Mandarin Oranges are the highlighted fruit this month. They are perfectly ripe and in season here in Athens.
They are loved by everyone big and small and so easy to carry with us on the go.
All citrus fruits are high and abundant in Vitamin C and A. They are perfect to reduce inflammation in your body. Potassium is found and can regulate blood pressure and manganese for the regulation of brain and nerve function. Magnesium is also abundant and regulates muscle, heart and nerve function and keep your bones strong. Dietary fiber can also be found and this is very important for a healthy bowel.
1 cup of mandarin gives us 28 % of the recommended daily intake of Vitamin C. Mandarin oranges also contain the carotenoids beta-carotene, lutein and zeaxanthin.
One cup of mandarin orange has 20.6 grams of sugars. The important fact is that these sugars are considered healthy and natural in comparison to other foods that sugar is added to them making them unhealthy.
How to enjoy
Eat raw or toss in a salad or rice dish.
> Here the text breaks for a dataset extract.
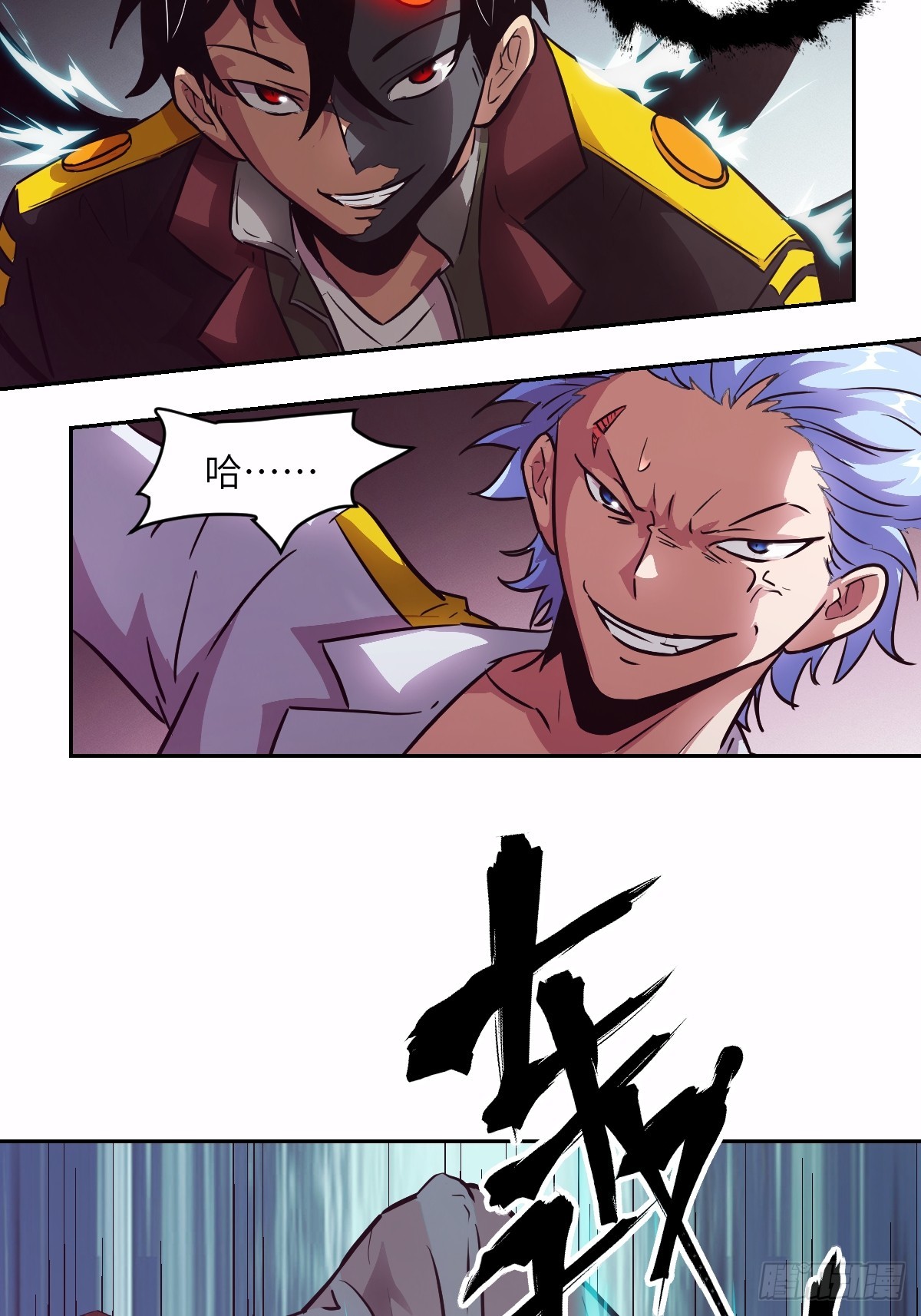 第 29 页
May also be used in deserts or with your breakfast in oatmeal, yogurt or fruit salad.
How to choose the perfect mandarin
Avoid mandarins with soft spots or any damage to their skin. Choose the ones that feel heavy. Some mandarins have loose skin and are puffy. This is very normal and they are so easy to peel.
How to store and keep mandarins
Mandarins will be great in the fridge for up to two weeks. If you keep them at room temperature, they will typically last one week.
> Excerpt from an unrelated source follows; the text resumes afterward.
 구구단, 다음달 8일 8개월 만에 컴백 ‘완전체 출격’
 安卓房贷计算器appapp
The Dietary Guidelines for Americans recommend that most people consume 2 cups of fruits each day. Harvard T.H. Chan School of Public Health recommends consuming one serving of yellow or orange fruits or vegetables and one serving of citrus fruits each day. Mandarin oranges obviously meet both of these criteria, making them a particularly healthy food to incorporate into your diet.
The following nutrition information is provided by the USDA for one small mandarin measuring about 2 1/4″ in diameter (70 g).
- Calories: 40
- Fat: 0.2g
- Sodium: 1mg
- Carbohydrates: 9.3g
- Fibre: 1.3g
- Sugars: 7.4g
- Protein: 0.6g
- 6 % of the daily value (DV) for calcium
- 9 % of the DV for copper
- 7 % of the DV for potassium
- 6 % of the DV for magnesium
- 7 % of the DV for vitamin A
- 9 % of the DV for vitamin B1 (thiamin)
- 5 % of the DV for vitamin B2 (riboflavin)
- 5 % of the DV for vitamin B3 (niacin)
- 8 % of the DV for vitamin B5
- 9 % of the DV for vitamin B6
- 8 % of the DV for vitamin B9 (folic acid)
- 58 % of the DV for vitamin C
A common question is if mandarins, tangerines and clementine’s are the same thing. The answer is that no, they are not. In fact, they are in the mandarin orange family, but they are considered unique fruits. While they are easy to peel, tangerines tend to have a tougher skin than clementines. They are also more sour. Tangerines have seeds and clementines do not have any seeds.
Mandarin Salad Recipe
- Big bowl (about 10 ounces) mixed salad or/ and spinach
- 1.5 cups mandarin oranges
- 1/3 cup dried cranberries or raisins
- 1/4 cup sliced almonds
- 1 cup cooked quinoa
For the dressing
- Little salt and fresh pepper
- 1 tablespoon honey or maple syrup
- 1/4 cup olive oil
- 2 tablespoons lemon juice
- Zest of 1 mandarin orange
- Whisk together the ingredients and add to salad to combine.
- Add all dressing ingredients to the small bowl and mix. Add the dressing to the salad when ready to serve. Enjoy!